Georgia Tech’s decision to offer a limited supply of Independence Bowl tickets for $14 is an investment in the future, according to athletics director Dan Radakovich.
Bowl tickets are usually much more expensive. Tickets to last year’s Orange Bowl, for example, cost $125. Tickets to the 2008 Chick-fil-A Bowl were between $60-70. Tech had an allotment of 17,500 for the game in the Georgia Dome. The game sold out.
Tech hopes that by offering the tickets at the special rate, it will not only put people in Shreveport, La., where the bowl will be played on Dec. 27, but it will enhance the status of the fanbase.
“To be there in Shreveport, that’s what’s going to be able to sell Georgia Tech for years upcoming within the ACC in the bowl pecking order,” Radakovich said. “Not to disparage other teams, but we don’t have that far to go to be recognized within our conference as a great traveling team. It’s manageable, we can do that.”
As of Wednesday morning, more than 2,200 of the tickets have been sold. The $14 allotment is 5,000 and lasts until Sunday. Tech’s total ticket allotment is 10,000. Tech is responsible for paying for any unsold tickets up to 6,000. The ACC will pay for any remaining tickets after 8,000 are sold. There’s a formula that covers remaining tickets between 6,000-8,000 sold. Radakovich said the school doesn’t make a profit on ticket sales to bowls, even when no discounts are applied.
As a comparison, Clemson has sold 5,700 tickets to the Meineke Car Care Bowl in nearby Charlotte. Tickets are $50 for students and $75 for others. North Carolina didn’t have a sales figure yet for the Music City Bowl. Maryland coach Ralph Friedgen has made a public plea for fans to buy tickets to the Military Bowl in nearby Washington D.C. Despite having an 8-4 record, the Terrapins were passed over for the Champs Sports Bowl, which had the fourth pick of ACC teams, because it was feared they wouldn’t bring many fans.

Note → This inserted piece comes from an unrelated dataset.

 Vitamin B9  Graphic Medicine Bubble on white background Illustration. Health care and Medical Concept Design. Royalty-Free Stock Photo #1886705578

David Thompson, a Tech fan living in Little Rock, Ark., said he had toyed with the idea of buying tickets for his dad (an 1973 alum) and brother, but ruled out the possibility because of the tough economic times. When the $14 ticket price was announced, he changed his mind and purchased three.
The discount idea came together Sunday afternoon after Radakovich met with officials from the bowl. He said they not only hoped that ticket sales would be brisk, but that they would be used. They wanted to see Tech fans in Louisiana at the hotels, restaurants and other attractions.
He met with other officials within the athletics association and they decided that the potential punitive price of tickets was one obstacle they could remove for those who considering attending. The price was chosen as a way to honor Tech’s bowl streak, which is now at 14 consecutive games.
Radakovich said he hopes to see at least 5,000 Tech fans at the game. Georgia sold approximately 7,000 tickets the 2009 Independence Bowl, while Tech sold approximately 10,000 to the ACC championship game and 10,000 more to the Orange Bowl. He pointed out that the tickets are sideline seats and that the timing of the game is good for families who wish to travel because the game is the week after the Christmas holiday when most families are on vacation. Shreveport is a nine-hour drive from Atlanta.
“It was important for us to try something different,” Radakovich said. “Some have worked some haven’t worked. We want to make sure that we continue to try to do things to try and entice our fans to jump on the bandwagon.”